◆ GIVEN RECORDS
--

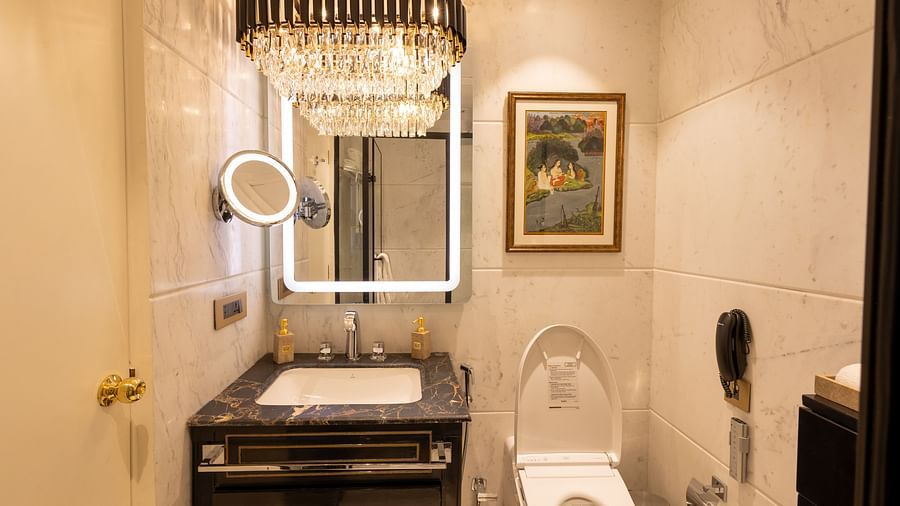 Luxury Suite washroom at The Claridges New Delhi, featuring a stylish sink, wall-mounted mirror, and a chandelier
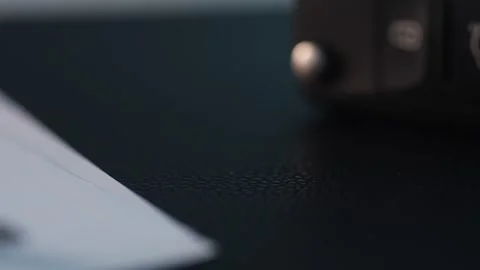 Rack focus from Pen and Paper Documents to Car Key. Stock Footage 267276852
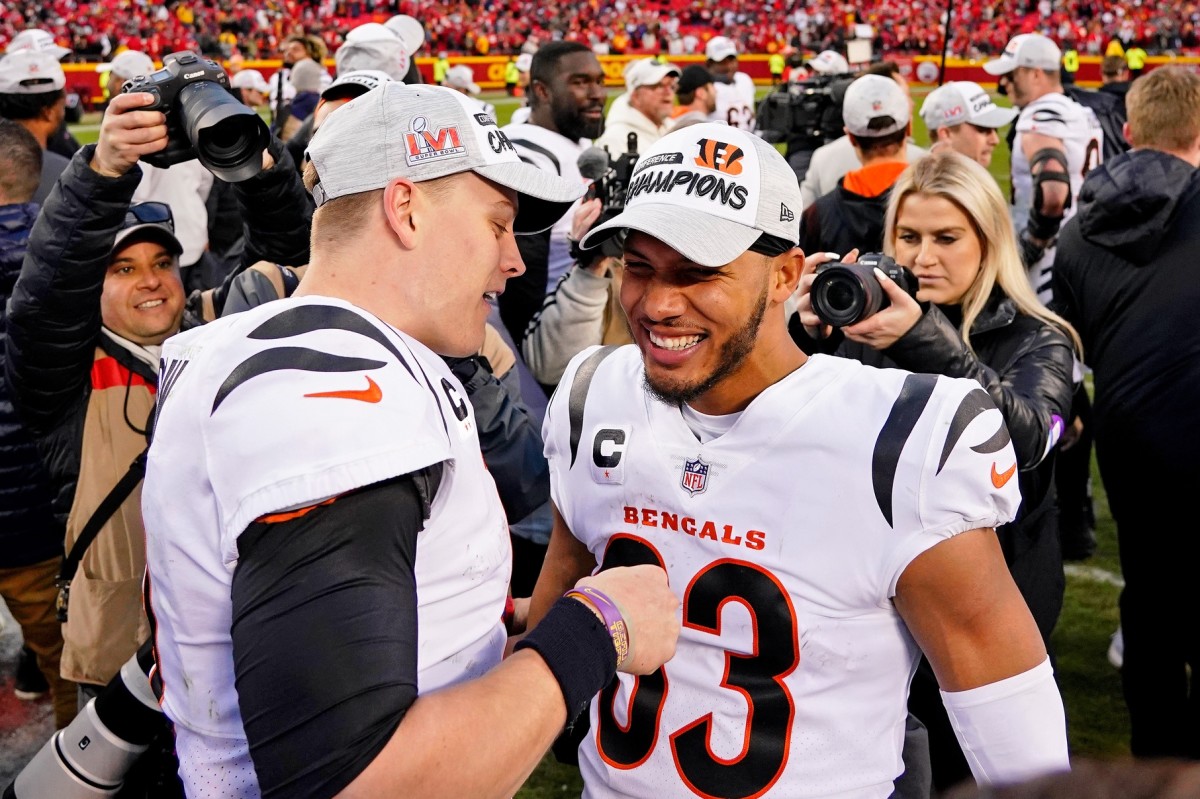 Jan 30, 2022; Kansas City, Missouri, USA; Cincinnati Bengals quarterback Joe Burrow (left) and wide receiver Tyler Boyd (83) celebrate after winning the AFC Championship Game against the Kansas City Chiefs at GEHA Field at Arrowhead Stadium. The Cincinnati Bengals won 27-24. Mandatory Credit: Jay Biggerstaff-USA TODAY Sports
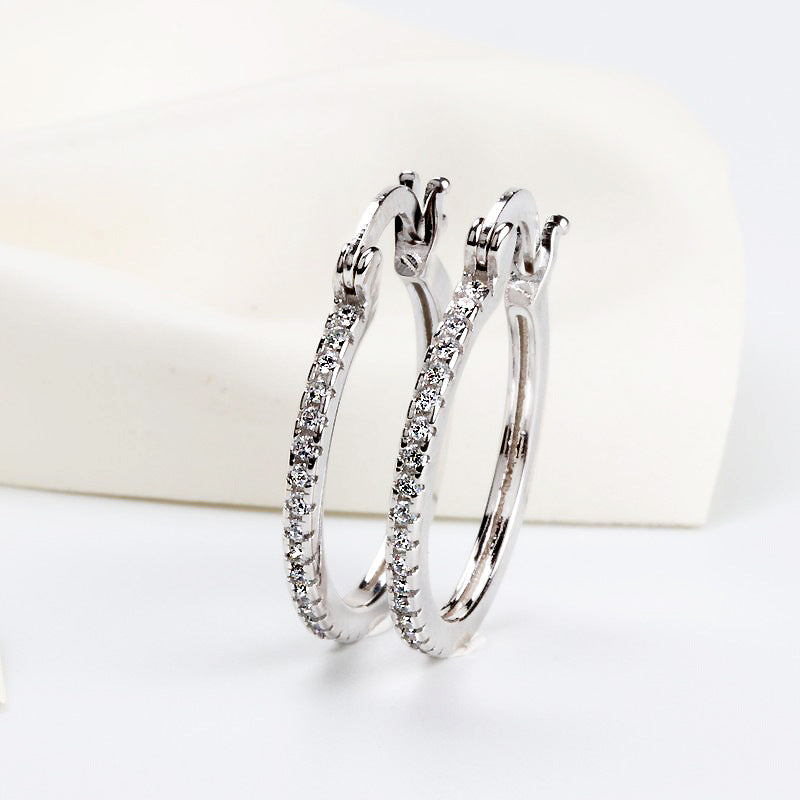 Large women's hoop earrings with zircon inlay, striking design
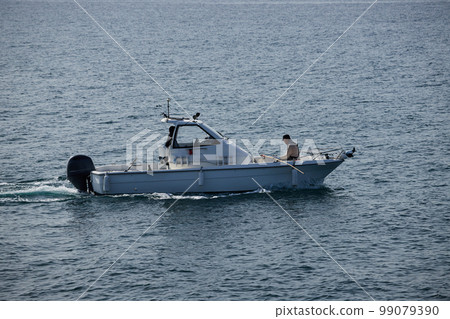 Fishing boat and senior man figure sailing on sea surface 99079390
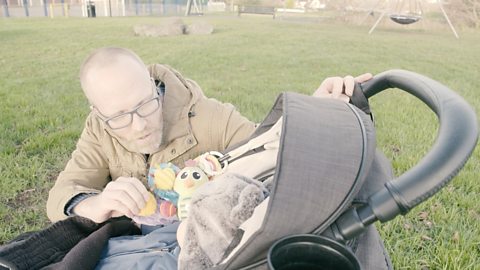 Dad looking at baby in pram at the park.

--

◆ INSTRUCTIONS TO FOLLOW
Leave the pictures out and output the rest of the listing exactly.

◆ ANSWER BOX
 Luxury Suite washroom at The Claridges New Delhi, featuring a stylish sink, wall-mounted mirror, and a chandelier
 Rack focus from Pen and Paper Documents to Car Key. Stock Footage 267276852
 Jan 30, 2022; Kansas City, Missouri, USA; Cincinnati Bengals quarterback Joe Burrow (left) and wide receiver Tyler Boyd (83) celebrate after winning the AFC Championship Game against the Kansas City Chiefs at GEHA Field at Arrowhead Stadium. The Cincinnati Bengals won 27-24. Mandatory Credit: Jay Biggerstaff-USA TODAY Sports
 Large women's hoop earrings with zircon inlay, striking design
 Fishing boat and senior man figure sailing on sea surface 99079390
 Dad looking at baby in pram at the park.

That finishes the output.